§ **Data to use**
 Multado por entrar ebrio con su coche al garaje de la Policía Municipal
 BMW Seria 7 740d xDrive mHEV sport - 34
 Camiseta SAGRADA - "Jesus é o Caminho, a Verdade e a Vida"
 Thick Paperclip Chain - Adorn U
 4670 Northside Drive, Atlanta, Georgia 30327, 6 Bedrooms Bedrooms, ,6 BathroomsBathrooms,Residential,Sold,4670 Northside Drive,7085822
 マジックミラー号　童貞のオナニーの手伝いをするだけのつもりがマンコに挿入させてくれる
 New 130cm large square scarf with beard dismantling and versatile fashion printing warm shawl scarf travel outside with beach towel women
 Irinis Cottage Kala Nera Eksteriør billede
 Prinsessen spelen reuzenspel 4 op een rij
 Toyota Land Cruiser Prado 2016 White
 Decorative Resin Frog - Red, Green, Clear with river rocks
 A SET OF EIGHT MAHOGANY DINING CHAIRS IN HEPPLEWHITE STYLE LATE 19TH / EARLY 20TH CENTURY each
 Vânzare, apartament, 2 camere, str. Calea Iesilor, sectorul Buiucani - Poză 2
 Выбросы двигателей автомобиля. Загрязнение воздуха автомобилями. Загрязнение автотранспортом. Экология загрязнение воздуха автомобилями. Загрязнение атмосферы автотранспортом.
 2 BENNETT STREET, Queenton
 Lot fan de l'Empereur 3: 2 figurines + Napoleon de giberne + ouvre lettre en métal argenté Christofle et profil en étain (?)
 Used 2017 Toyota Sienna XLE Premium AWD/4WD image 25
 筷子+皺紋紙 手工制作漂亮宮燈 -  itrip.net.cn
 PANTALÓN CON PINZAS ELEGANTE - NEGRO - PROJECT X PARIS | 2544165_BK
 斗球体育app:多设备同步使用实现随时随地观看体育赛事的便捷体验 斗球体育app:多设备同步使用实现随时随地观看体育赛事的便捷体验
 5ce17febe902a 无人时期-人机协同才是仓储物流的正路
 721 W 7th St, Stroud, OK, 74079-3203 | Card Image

§ **Task objective**
Write out exactly the lines above between the line with "BMW Seria 7 740d xDrive mHEV sport - 34" and the line with "PANTALÓN CON PINZAS", inclusive, and nothing beyond them.

§ **Your solution**
 BMW Seria 7 740d xDrive mHEV sport - 34
 Camiseta SAGRADA - "Jesus é o Caminho, a Verdade e a Vida"
 Thick Paperclip Chain - Adorn U
 4670 Northside Drive, Atlanta, Georgia 30327, 6 Bedrooms Bedrooms, ,6 BathroomsBathrooms,Residential,Sold,4670 Northside Drive,7085822
 マジックミラー号　童貞のオナニーの手伝いをするだけのつもりがマンコに挿入させてくれる
 New 130cm large square scarf with beard dismantling and versatile fashion printing warm shawl scarf travel outside with beach towel women
 Irinis Cottage Kala Nera Eksteriør billede
 Prinsessen spelen reuzenspel 4 op een rij
 Toyota Land Cruiser Prado 2016 White
 Decorative Resin Frog - Red, Green, Clear with river rocks
 A SET OF EIGHT MAHOGANY DINING CHAIRS IN HEPPLEWHITE STYLE LATE 19TH / EARLY 20TH CENTURY each
 Vânzare, apartament, 2 camere, str. Calea Iesilor, sectorul Buiucani - Poză 2
 Выбросы двигателей автомобиля. Загрязнение воздуха автомобилями. Загрязнение автотранспортом. Экология загрязнение воздуха автомобилями. Загрязнение атмосферы автотранспортом.
 2 BENNETT STREET, Queenton
 Lot fan de l'Empereur 3: 2 figurines + Napoleon de giberne + ouvre lettre en métal argenté Christofle et profil en étain (?)
 Used 2017 Toyota Sienna XLE Premium AWD/4WD image 25
 筷子+皺紋紙 手工制作漂亮宮燈 -  itrip.net.cn
 PANTALÓN CON PINZAS ELEGANTE - NEGRO - PROJECT X PARIS | 2544165_BK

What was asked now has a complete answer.